= Requirement =
All lines from the one containing "Mold Remediation and" through the end of the material below are to be printed exactly, both ends included, minus pictures.

= = =

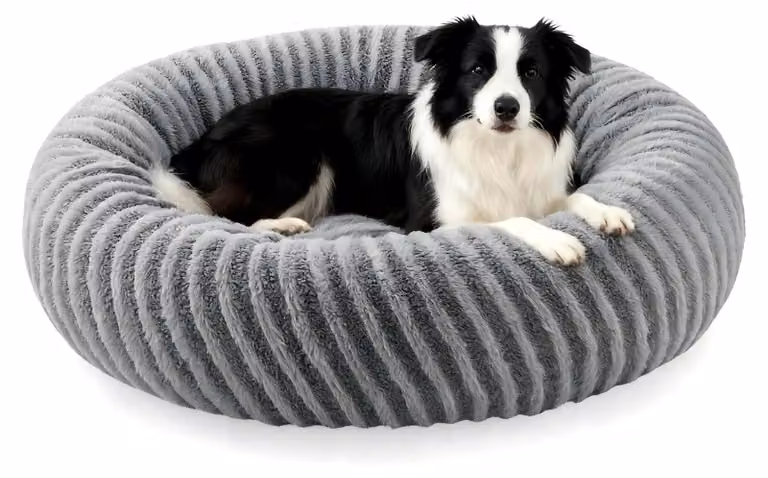 Cuccia morbida e confortevole per cani di piccola e media taglia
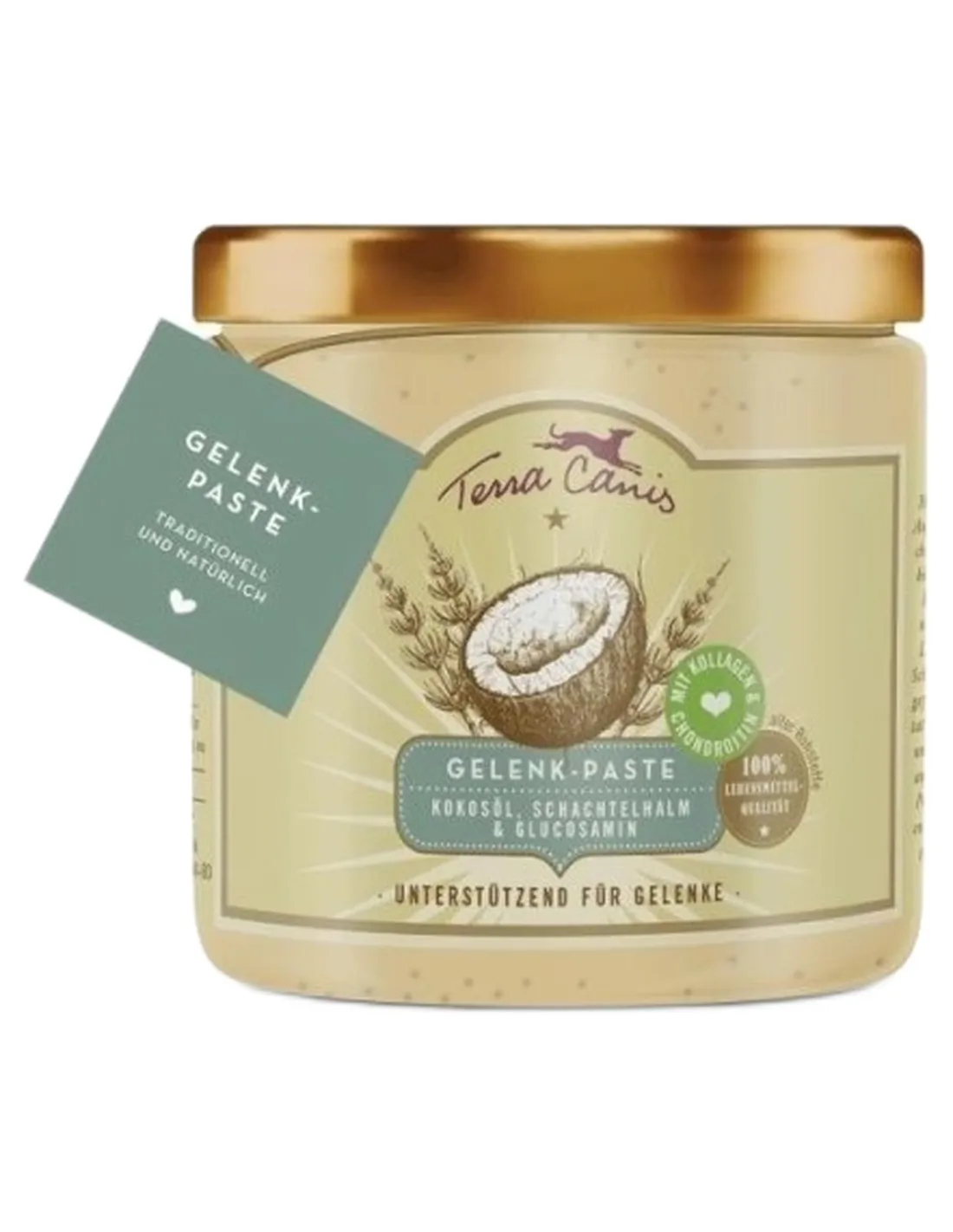 Terra canis pasta articolazione 250 ml  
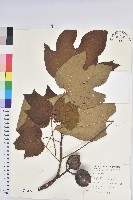 藏品(廣東油桐、皺桐)的圖片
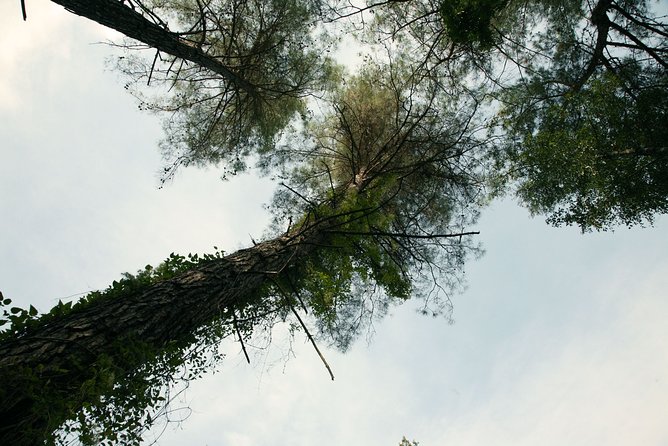 Beauty, Nature and Charm of Troodos Mountains from Paphos - Omodos village: wine culture, lace shops, and the Holy Cross area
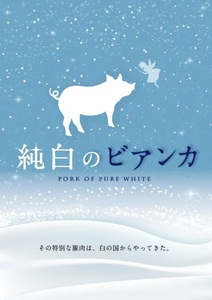 【6か月定期便】純白のビアンカコース 毎月違うお肉をお届け 計4kg超 豚バラ 豚ロース 骨付き ポークステーキ しゃぶしゃぶ 焼肉 豚肉 ぶた ぶた肉 肉 お肉 国産 冷凍 BBQ 新鮮 新潟県 阿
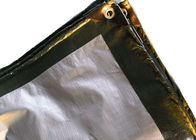 80gsm anti-rainy PE tarpaulin for garden use,6*8m,green/silver color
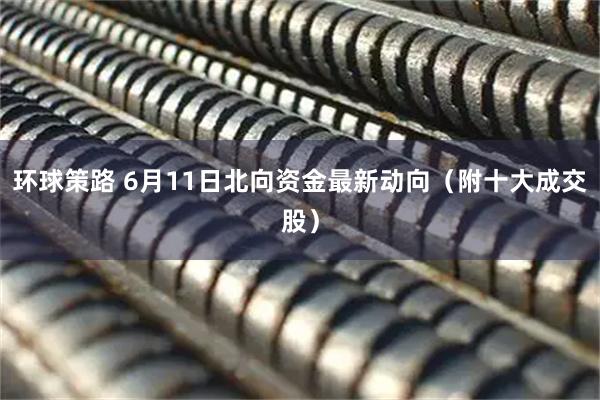 环球策路 6月11日北向资金最新动向（附十大成交股）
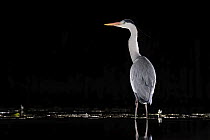 Grey heron (Ardea cinerea) standing in pond at night, near Bourne, Lincolnshire, UK. March.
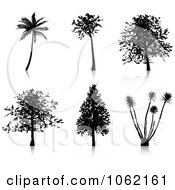 Poster, Art Print Of Tree Silhouettes Digital Collage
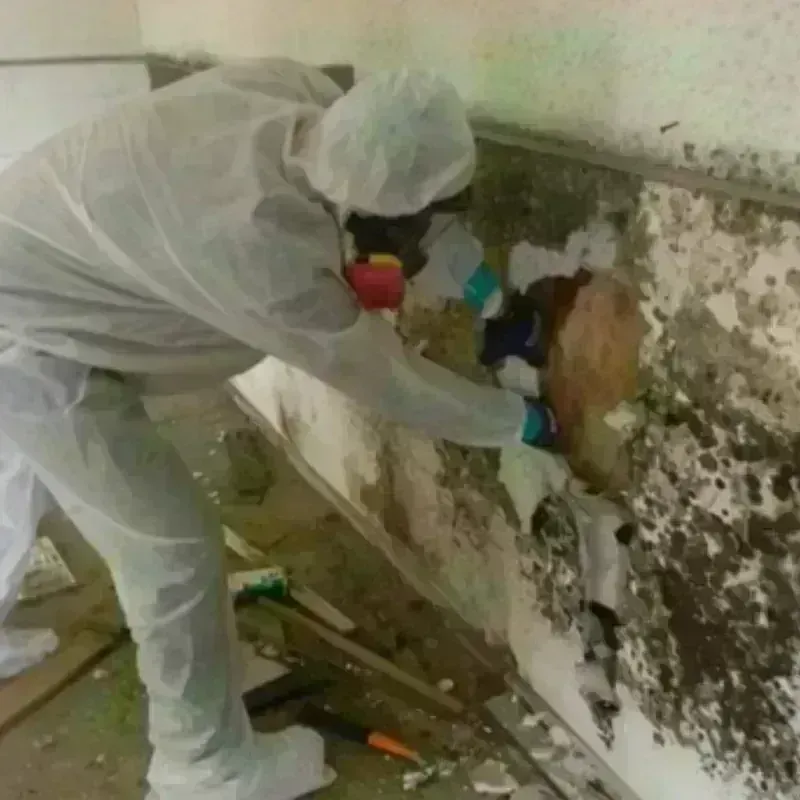 Mold Remediation and Removal in Blackstone, VA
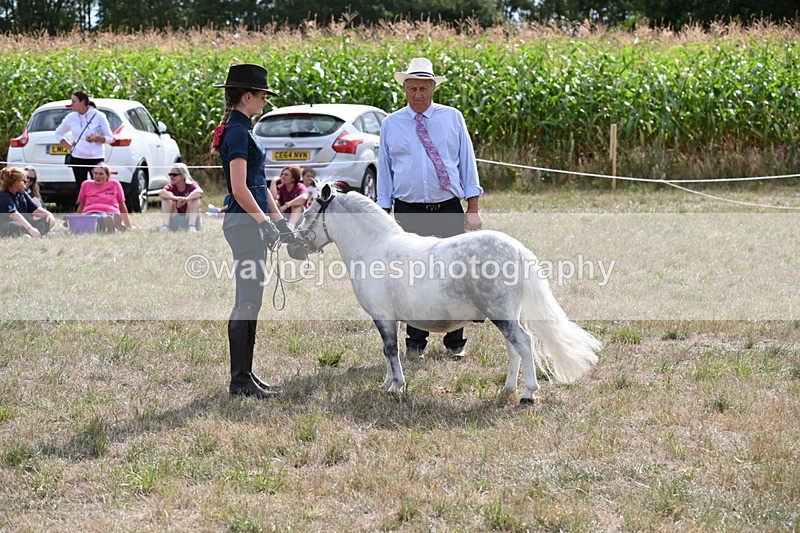 WJ6_7047 - Class 21 Shetland & Mini Horses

= = =

= Reply =
 Mold Remediation and Removal in Blackstone, VA
 WJ6_7047 - Class 21 Shetland & Mini Horses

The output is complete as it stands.